## ACTIVITY
Transcribe the data that follows in full. Leave out the pictures.

## GIVEN MATERIAL
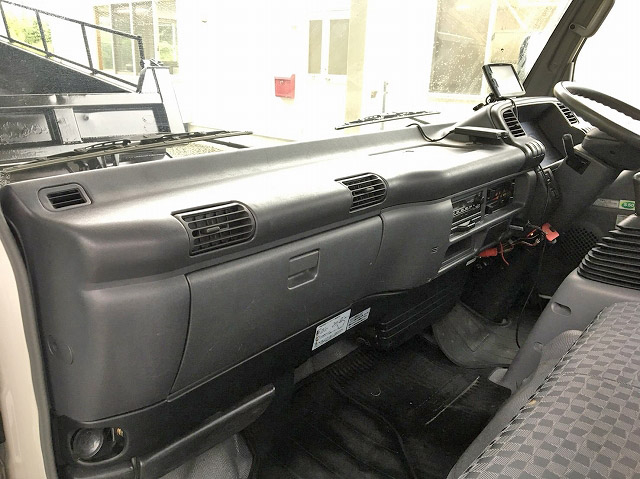 いすゞエルフユニック6段小型（2t・3t）[写真33]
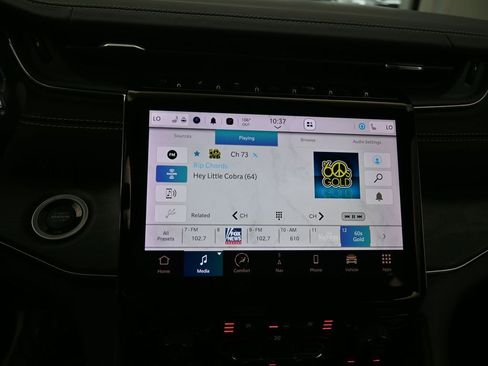 Used 2023 Jeep Grand Cherokee Overland w/ Luxury Tech Group IV image 25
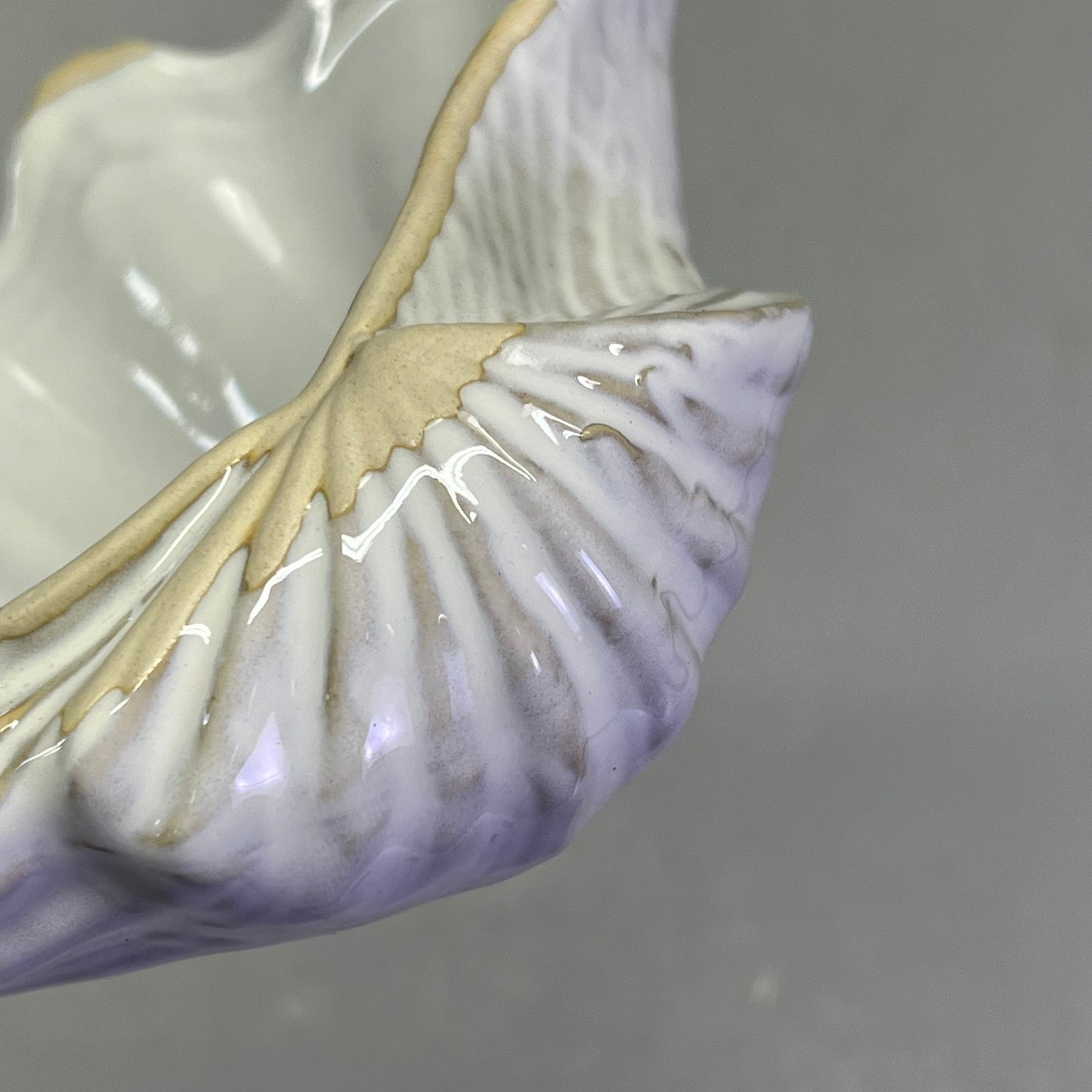 CREATIVE CO-OP (3 PACK) Reactive Crackle Glaze Stoneware Shell Plate White 8635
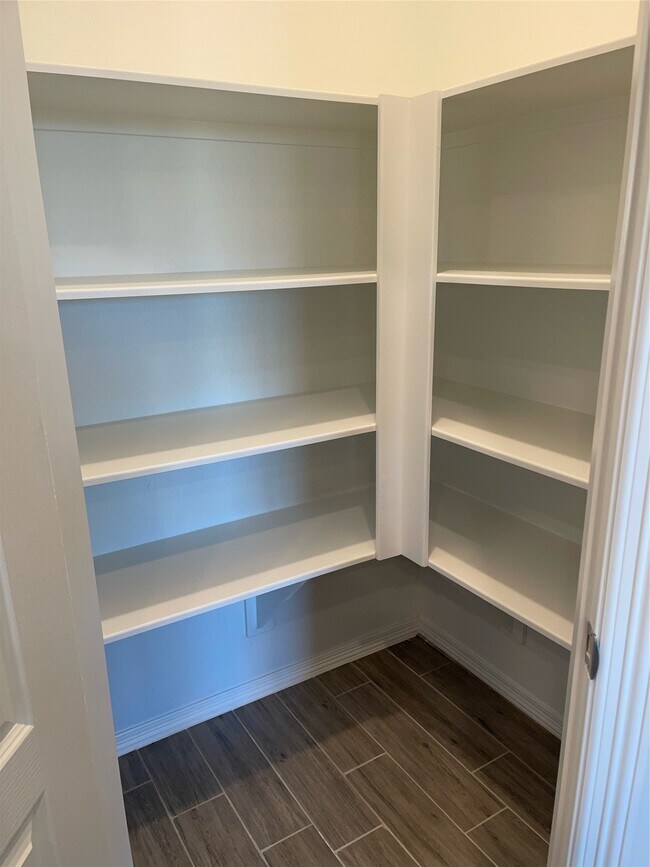 Building Photo - 14524 Jelly Pnes Dr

## EXERCISE SOLUTION
 いすゞエルフユニック6段小型（2t・3t）[写真33]
 Used 2023 Jeep Grand Cherokee Overland w/ Luxury Tech Group IV image 25
 CREATIVE CO-OP (3 PACK) Reactive Crackle Glaze Stoneware Shell Plate White 8635
 Building Photo - 14524 Jelly Pnes Dr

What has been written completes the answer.